The job checkpoint and restart feature enables you to stop jobs and then restart them from the point at which they stopped, which optimizes resource usage. LSF can periodically capture the state of a running job and the data required to restart it. This feature provides fault tolerance and allows LSF administrators and users to migrate jobs from one host to another to achieve load balancing.
Checkpointing enables LSF users to restart a job on the same execution host or to migrate a job to a different execution host. LSF controls checkpointing and restart by means of interfaces named echkpnt and erestart. By default, when a user specifies a checkpoint directory using bsub -k or bmod -k or submits a job to a queue that has a checkpoint directory specified, echkpnt sends checkpoint instructions to an executable named echkpnt.default.
When LSF checkpoints a job, the echkpnt interface creates a checkpoint file in the directory checkpoint_dir/job_ID, and then checkpoints and resumes the job. The job continues to run, even if checkpointing fails.
The operating system provides checkpoint and restart functionality that is transparent to your applications and enabled by default. To implement job checkpoint and restart at the kernel level, the LSF echkpnt and erestart executables invoke operating system-specific calls.
LSF uses the default executables echkpnt.default and erestart.default for kernel-level checkpoint and restart.

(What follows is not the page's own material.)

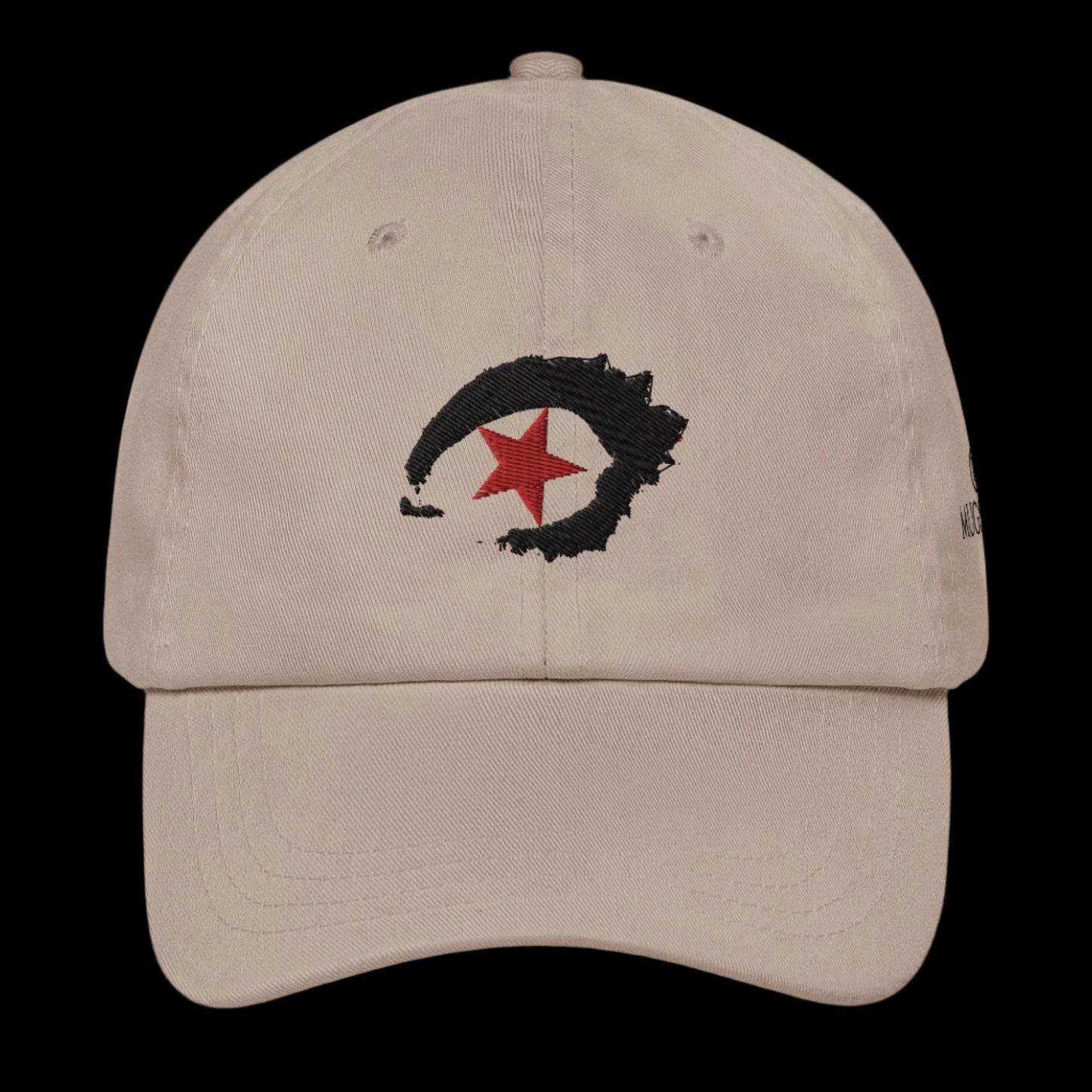 STARBORN HAT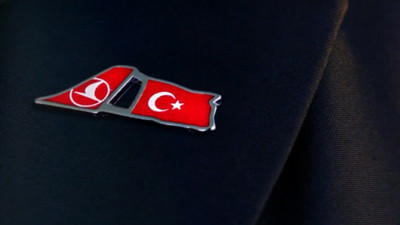 THY'den yeni reklam filmi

For systems that do not support kernel-level checkpoint and restart, LSF provides a job checkpoint and restart implementation that is transparent to your applications and does not require you to rewrite code. User-level job checkpoint and restart is enabled by linking your application files to the LSF checkpoint libraries in LSF_LIBDIR. LSF uses the default executables echkpnt.default and erestart.default for user-level checkpoint and restart.
Different applications have different checkpointing implementations that require the use of customized external executables (echkpnt.application and erestart.application). Application-level checkpoint and restart enables you to configure LSF to use specific echkpnt.application and erestart.application executables for a job, queue, or cluster. You can write customized checkpoint and restart executables for each application that you use.

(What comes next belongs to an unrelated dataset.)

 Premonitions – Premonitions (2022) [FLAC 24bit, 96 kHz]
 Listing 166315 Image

LSF uses a combination of corresponding checkpoint and restart executables. For example, if you use echkpnt.fluent to checkpoint a particular job, LSF will use erestart.fluent to restart the checkpointed job. You cannot override this behavior or configure LSF to use a specific restart executable.
Kernel-level checkpoint and restart is enabled by default. LSF users make a job checkpointable by either submitting a job using bsub -k and specifying a checkpoint directory or by submitting a job to a queue that defines a checkpoint directory for the CHKPNT parameter.
To enable user-level checkpoint and restart, you must link your application object files to the LSF checkpoint libraries provided in LSF_LIBDIR. You do not have to change any code within your application. For instructions on how to link application files, see the Platform LSF Programmer’s Guide.
For application-level checkpoint and restart, once the LSF_SERVERDIR contains one or more checkpoint and restart executables, users can specify the external checkpoint executable associated with each checkpointable job they submit. At restart, LSF invokes the corresponding external restart executable.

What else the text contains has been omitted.